First, the race card is nothing new. It’s not just a strategic part of the left’s playbook, but a philosophical one. They believe that all conservatives—and they include libertarians like me and populists like the President—are racist by default. They don’t call Trump a racist because of his response to Charlottesville. He was already deemed a racist because of his political views. Just read the playbook, Paul Krugman’s Conscience of a Liberal. Trump supporters must be ignorant or evil simply because opposition to the left’s agenda can have no intellectual basis.
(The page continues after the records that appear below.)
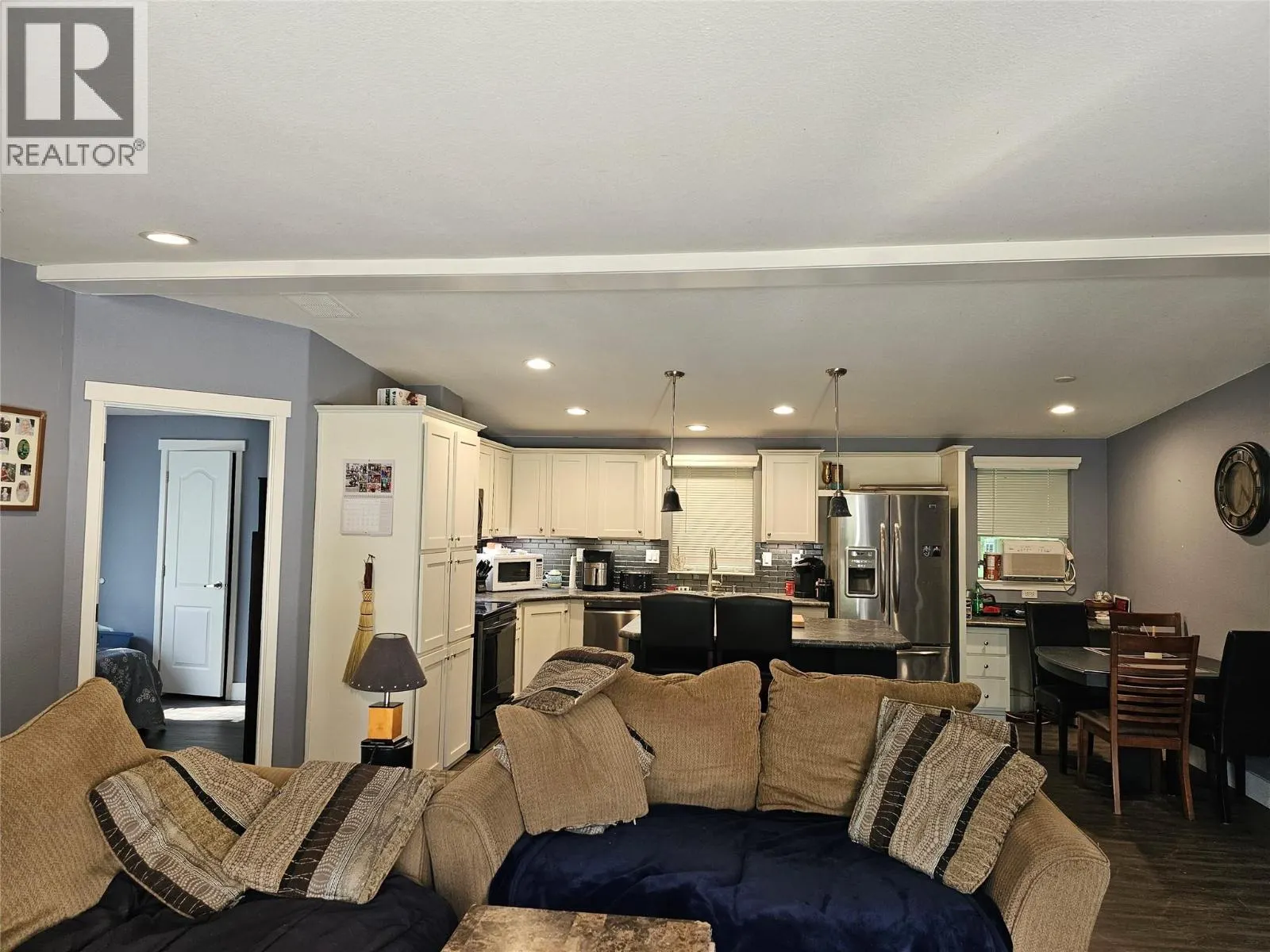 2385 Eva Road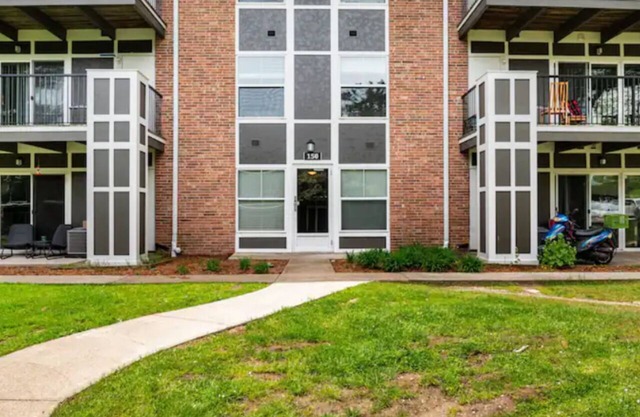 Cozy Two Bedrooms Apartment in Norwood - Boston Massachusetts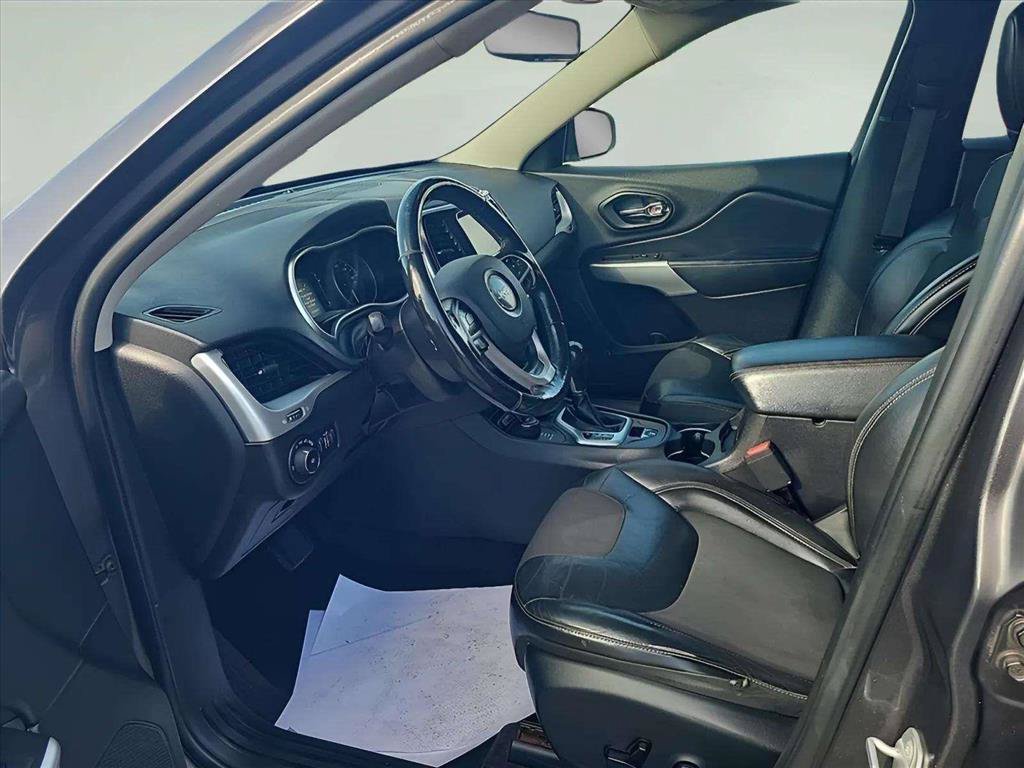 Used 2018 Jeep Cherokee Latitude Plus AWD/4WD image 11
Second, the President’s thesis that there are bad people on both political sides is undeniably true. As in all elections, there were despicable individuals and groups who claim to support every candidate. I’ve lost track of the number of leftist agitators I’ve seen “protesting” during the past year. The perpetrator in the Portland train stabbing earlier this year was an avid Bernie Sanders supporter, but it’s not his fault. The notion that President Trump “inspired” neo-Nazis in Virginia is a real stretch.

Third, there’s nothing “right wing” about white supremacy or neo-Nazi politics. This tag is tossed around freely to incriminate Republicans and conservatives, some of whom are apologizing profusely about Charlottesville as if they had something to do with it. Just read Paul Ryan’s response. Apparently, few commentators know that “Nazi” is short for the National Socialist German Workers Party. If anything, Nazis should be categorized as hard left, but I don’t think guilt by association is appropriate in either direction.

Finally, leftists are always telling us “it’s time we have a real conversation about ______.” But as I noted, anyone who disagrees with leftist orthodoxy is branded as either a bad person or ignorant. It’s hard to have a real dialogue if this is your starting point.

It should go without saying that I am speaking about the leadership of the political left, not all liberals, democrats, or progressives. While I strongly believe their ideology is misguided, many who identify themselves as such are nice people capable of reasonable dialogue. Unfortunately, this isn’t the case with their leaders in Washington.

If Trump is anything like me, he gets tired of having to preface every statement with obvious disclaimers about white supremacy, racism, neo-Nazis, or the like, lest he be accused of supporting their views. Despite CNN claims to the contrary, very few Americans—including those of us in the South—hold these views. Our country could benefit from some real conversations, but if you aren’t willing to grant some intellectual merit and a little grace to the other side, you can’t have one. This is why our society is so polarized.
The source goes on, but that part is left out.